For n = 2 there exist infinitely many solutions and we have been dealing with them in problem 9 of Project Euler.

The problem was finally solved in 1995 by Andrew Wiles after he dedicated 8 years struggling to prove the theorem. In order to prove the theorem he had to prove several other conjectures and not least use results and methods in many branches of mathematics developed within the last 100 years. So there is no way that Fermat could have proven it the same way as Andrew Wiles did. Wikipedia has a section on Fermat’s Last Theorem where they briefly go through the history and the content of the proof.

## My story on the theorem

I was first introduced to Fermat’s last theorem when I went in high school a mere 4 years after the theorem of proven. Our math teacher (whom I owe a lot of thanks for sparking my curiosity) wanted us to watch the movie on the subject made by Simon Singh and John Lynch.

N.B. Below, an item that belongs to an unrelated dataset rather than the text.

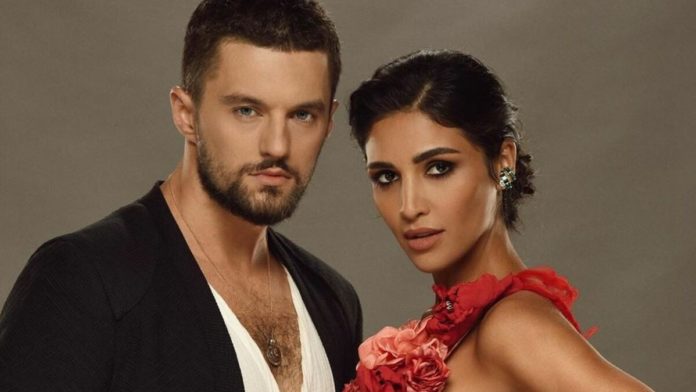 Санта Дімопулос показала своє перше кохання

Many of my fellow students giggled at Andrew Wiles and thought he was a complete nut job, but I saw something different. I saw a man with a burning passion for solving this problem, and by the end of the movie I was so touched that I was almost crying. To me it was a real story and a treasure hunt for the truth.

This movie sparked something in me, and inspired me in many ways. I don’t claim to be good at mathematics and I am not rigorous enough to prove many things. But my passion and curiosity for math was ignited and will burn forever after this movie. It has been aired on television in many countries and until Google video was closed it was available through that service. Today it might be available through other means on the internet, but I haven’t found a source for it. If you a legal source for the movie I would be very interested in hearing from you.

Simon Singh is also the author of a book on the subject called Fermat’s Last Theorem. Simon Singh is a great story teller and manages to take the reader through the story in a way that most people can follow. The book takes you all the way from Fermat’s life and achievement and through the long history of Fermat’s Theorem which many people have spend many hours trying to prove without success until Wiles finally did his brilliant work and finally proved it. So if you love a good story I will highly recommend you to read the book and watch the movie.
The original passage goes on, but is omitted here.